İstanbul Sözleşmesi’nin yasalaşmasındaki etken, Türkiye’ye karşı Avrupa İnsan Hakları Mahkemesi’ne (AİHM) açılan Nahide Opuz davası oldu. 2002 yılında daha önce defalarca savcılığa suç duyurusunda bulunan Opuz, eşi tarafından silahlı saldırıya maruz kalmış, olayda kendisi yaralanırken, annesi hayatını kaybetmişti. Aynı yıl içerisinde Opuz’un avukatı, AİHM’e, Avrupa İnsan Hakları Sözleşmesi’nin (AİHS), “yaşam hakkı” ve “ayrımcılık yasağı” maddelerini ihlalden başvuru yaptı. Opuz’un başvurusu, 2009 yılında sonuçlandı. AİHM bu davadan Türkiye’yi kadın cinayetinden sorumlu tutarak, devleti cinsiyet temelli ayrımcılık ve yaşam hakkı ihlalinden mahkûm etti.
EMSAL KARAR
Sözleşmenin temelini oluşturan Nahide Opuz kararı, kadın örgütlerinin elini güçlendiren bir kanıt oldu. Kadın örgütleri bu karar üzerine iktidara baskı uygulayarak, 11 Mayıs 2011’de İstanbul’da gerçekleşen Avrupa Konseyi Bakanlar Toplantısı’nda İstanbul Sözleşmesi’ni imzalattı. 14 Mart 2012'de Meclis’te kabul edilen sözleşme, 1 Ağustos 2014 yılında yürürlüğe girdi. Böylece Türkiye sözleşmeyi imzalayan ilk ülke oldu.
SÖZLEŞMENİN ETKİLERİ
Sözleşmenin imzalandığı 2011 yılı, son 10 yılın en az şiddet ve katliamların yaşandığı yıl olarak tarihe geçti. EŞİK Platformu Gönüllüsü Tülin Eraslan, şu bilgileri verdi: “STK’lar şiddetin çözümü için farkındalığı artırdı. Bununla birçok çalışmanın alt yapısı hazırlandı. Sözleşmeyle kadınlar ev içinde yaşadıkları şiddete karşı artık susmamayı öğrendi. Bununla birlikte şiddetin sadece fiziki olmadığı birçok şiddet türü görünür oldu. Sözleşmeye kadar kimse ev içi şiddetten bahsetmiyordu. Ev içi şiddeti açığa çıkarttı. Kadınları hakları konusunda bilinçlendirdi.”
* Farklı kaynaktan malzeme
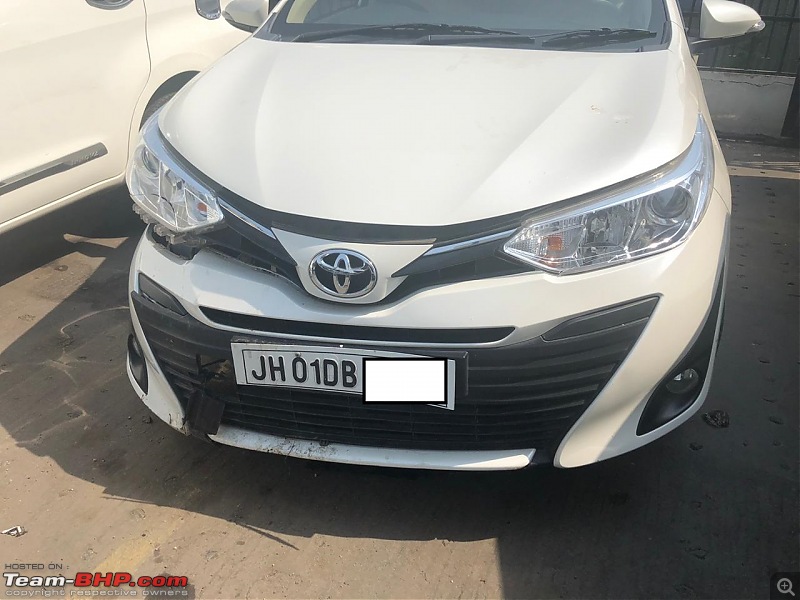 Toyota Innova Crysta ZX rolls over thrice! None of the 7 airbags deploy-img20190617wa0068.jpg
İktidarın şiddete karşı yol haritası raporları hazırladığını ancak bu raporları uygulamada çok fazla göremediklerini dile getiren Eraslan, “2015 yılında birkaç tane şiddeti önleme komisyonu kurdu. Bunlarda sağlıklı çalışmadı, rapor yayınlanmadı. Yine Kadınlara Yönelik Şiddet ve Ev İçi Şiddete Karşı Eylem Uzman Grubu’nun (GREVİO) hazırladığı raporun resmi çevirisi 3 yıldır yapılmadı. Devlet 10 yıllık sürede sözleşmenin yükümlülüklerini yerine getirmedi” dedi.
Kadın hareketine göre, İstanbul Sözleşmesi’ne ilişkin tartışma yeni değil, sözleşmenin hazırlık, imza ve onay aşamasından geçen yıla kadar, özelikle muhafazakâr kesimde hep bir rahatsızlık yarattı.
İLK SALDIRI ERDOĞAN’DAN
Sözleşmeye yönelik rahatsızlık ilk olarak AKP'li Cumhurbaşkanı Tayyip Erdoğan tarafından açık bir şekilde dile getirildi. 18 Şubat 2020’de yapılan Yüksek İstişare Kurulu toplantısında Erdoğan, sözleşmenin toplumsal cinsiyet kavramı nedeniyle aile kurumuna zarar verdiğini, gençlerin evlenmesini engellediğini öne sürerek, “İstanbul Sözleşmesi'ni yeniden gözden geçirmemiz gerek. Onunla ilgili bir çalışma yaptırıyoruz" sözleriyle açıkladı.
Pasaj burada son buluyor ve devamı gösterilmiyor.